1. Technical Field
The techniques described herein relate to dimensionally tolerant high-frequency, multiband conformal antenna arrays and a process for constructing such antenna arrays.
2. Discussion of Related Art
Modern combat vehicles, including air vehicles, water vehicles, and land vehicles, may utilize a wide variety of communications and electronic surveillance technologies. In the past, each different technology required a separate antenna, resulting in upwards of twenty antennas per vehicle. As technology progresses, new antennas may need to be installed, which requires retrofitting the new antennas onto vehicles that were not designed with the additional antennas in mind. This may become problematic, especially in air vehicles such as unmanned air vehicles and helicopters, where the additional weight and drag from the retrofitted antennas may significantly affect aircraft range, speeds and maneuverability. Further, the addition of, for example, blade antennas to the belly of the fuselage of an aircraft risk being damaged if the aircraft that may land on uneven surfaces.

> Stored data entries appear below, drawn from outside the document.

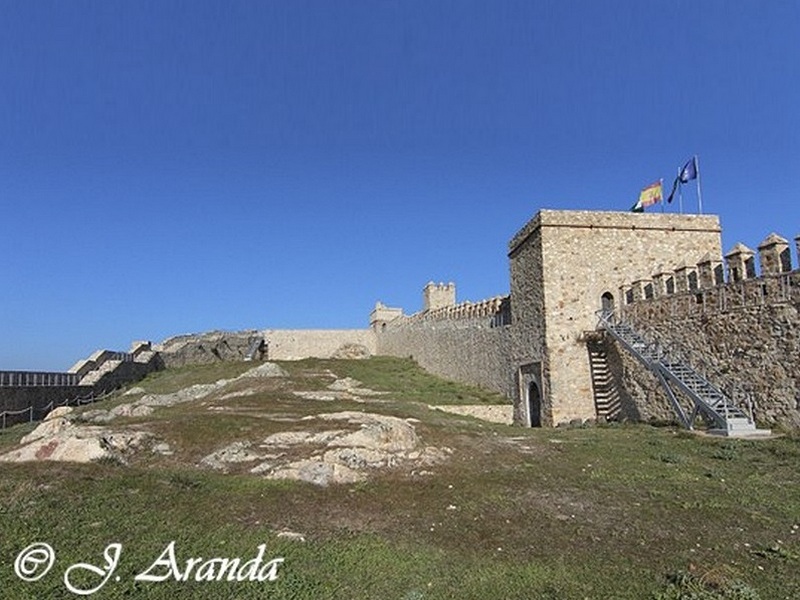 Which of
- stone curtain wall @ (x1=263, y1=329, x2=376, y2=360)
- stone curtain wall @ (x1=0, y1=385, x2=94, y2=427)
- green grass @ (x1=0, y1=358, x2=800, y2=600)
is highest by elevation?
stone curtain wall @ (x1=263, y1=329, x2=376, y2=360)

Additionally, each antenna on a vehicle may operate in a different frequency range. Antennas that receive low frequency radio frequency (RF) signals, such as HF, VHF and UHF, are large in size because antenna performance is significantly degraded if the antenna size is not at least a quarter the size of the wavelength of the radiation. For this reason, low frequency RF antennas may range from 1-20 feet in size. Such large antennas are difficult to incorporate into combat vehicles for many of the same reasons listed above. Further, large antennas that are constructed using rigid materials are more susceptible to damage than smaller antennas made from the same material.